Running R, Julia, Python in Docker

Many of the examples one can find on the Internet sees container used in conjunction with open-source languages. For most statistical and other languages, in particular open-source languages, progress is continuous. In part what attracts researchers to these environments is the rich eco-system of add-on packages and libraries, most of which are available for free as well. However, combining versions of languages, packages, and dependencies to those packages can be a challenge. Use of these can sometimes be tedious - and not easily reproducible - because of a constantly evolving environment and very active development. Various methods exist to “pin” packages used (see renv, checkpoint and others in R, “environments”, pip freeze or conda env export in Python, Manifest.toml files and package environments in Julia). These rely, of course, not just on the ability to install the right packages, but also the right base software. In some cases, it can be challenging for users to install multiple base versions simultaneously on their computers - either because they work on multiple projects on their own at different times, or in collaborations with others. This is sometimes necessitated by changes that create breaks between versions (examples include changes in random number generators in Julia and certain breaks in R when version 4.0 was introduced). Programmatic solutions for this exist, of course, but add complexity to an often complex set of programs.
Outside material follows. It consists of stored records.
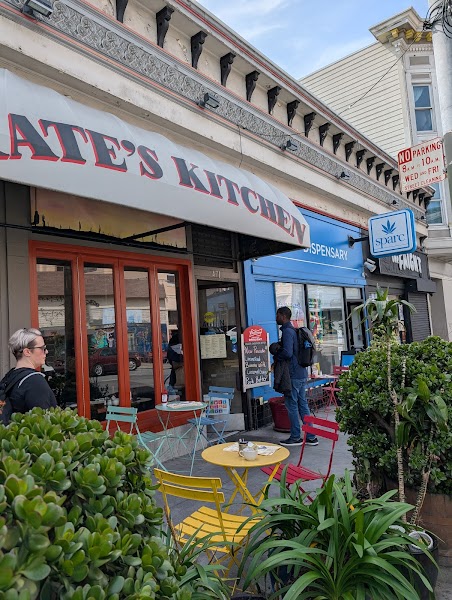 Kate's Kitchen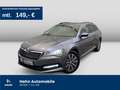 Skoda Superb Combi 2.0TDI DSG Ambition AHK Navi Standh Grau - thumbnail 1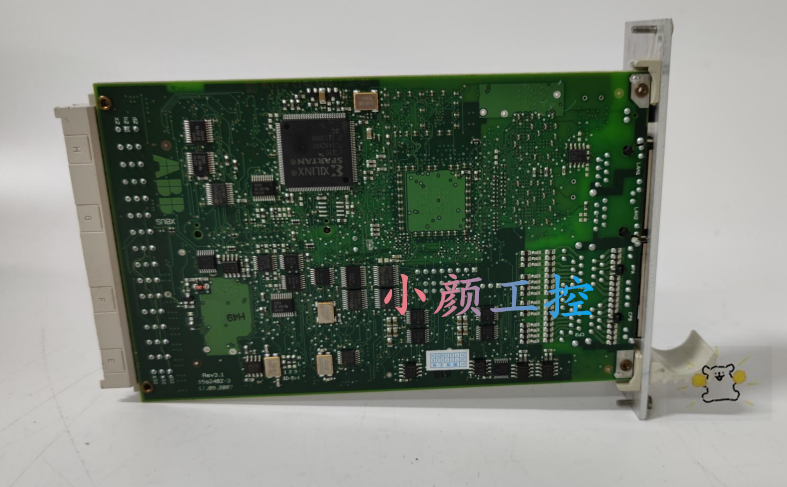 ABB 07KT97F1库存有货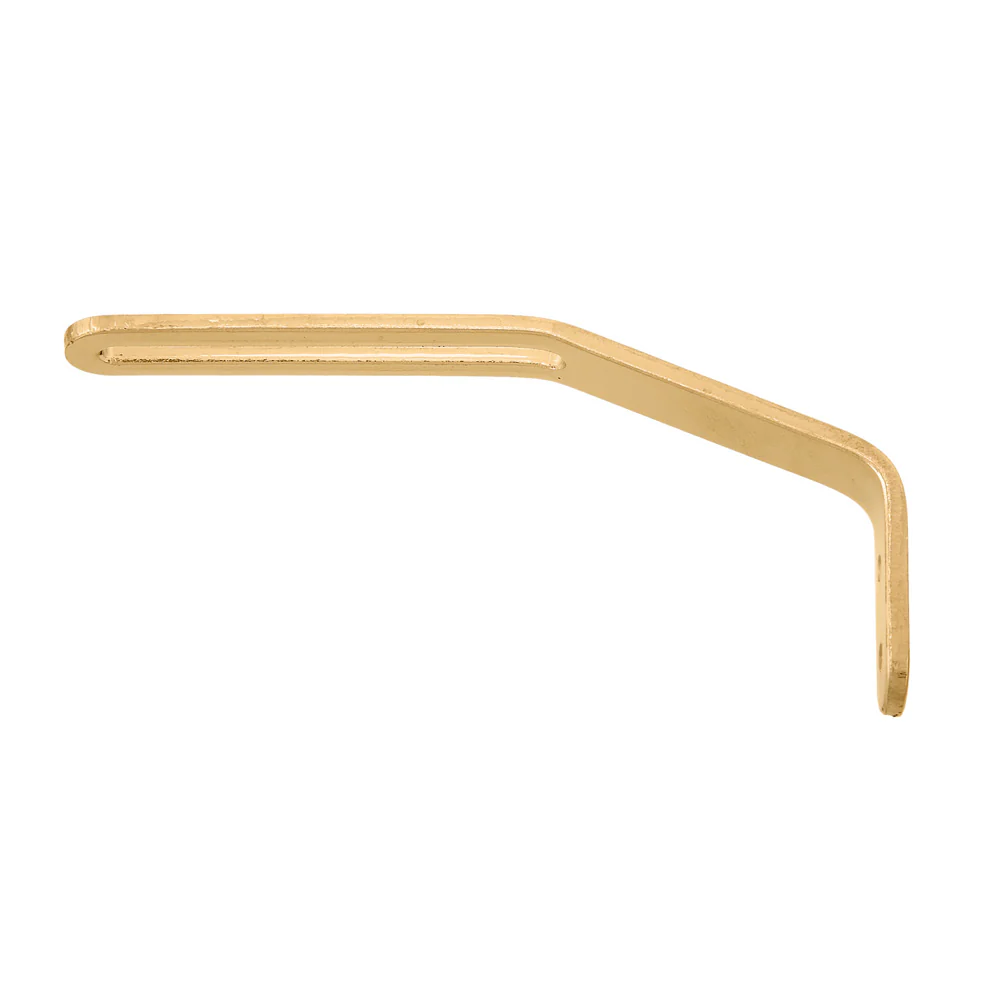 Allparts Archtop Pickguard Support Bracket - Image 2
Thankfully, that same open-source community has also provided containers that lock in some of the base software versions, facilitating the simultaneous maintenance of multiple versions of the same software. We illustrate this with an example that we have used in some reproducibility cases with R. It addresses the particular use case of having multiple versions of R, but does not pin the particular package versions. See the tutorials for renv and checkpoint for even finer control.

A Really Simple Example with R

To start, we identify from instructions provided by the author both the version of R and the required packages. From the required packages, we use a standard setup program and add those libraries to the list of dependencies.7 We then leverage the R Docker images maintained by the Rocker group, and build a custom R Docker image that should have all dependencies as articulated by the authors:

  • Dockerfile:
FROM rocker/r-ver:4.0.1

COPY setup.R .
RUN Rscript setup.R

That’s already all there is to creating a Docker image! Of course, it now needs to be built:8

DOCKER_BUILDKIT=1 docker build . -t $MYHUBID/$MYIMG:$TAG

where I have previously configured some environment variables for ease of notation and reference:

TAG=v$(date +%F)
MYIMG=aer-9999-8888
MYHUBID=aeadataeditor

This locks in our R environment, at the time of building ($TAG). It is then straightforward to run the authors’ code, reliably, over and over again:

cd path/to/code
docker run -it --rm -v $(pwd)/subdir:/code -w /code $MYHUBID/${MYIMG}:$TAG Rscript main.R

Note that for each project, we can specify a different R version (rocker/r-ver:4.0.1), and we can even, for the same project, test the reproducibility with multiple R versions, by building multiple images (we might need to refine our tagging for that to work).

Furthermore, if we run into reproducibility discrepancies, we can share the resulting (public) Docker image and the “very simple” instructions with the authors. In doing so, we reproducibly share the failure to reproduce. We have done so, in fact, in several cases, though we will describe that particular type of interaction in the next section, in somewhat more challenging cases.

All we need is Docker as a software installation on our workstation. Or: in the cloud.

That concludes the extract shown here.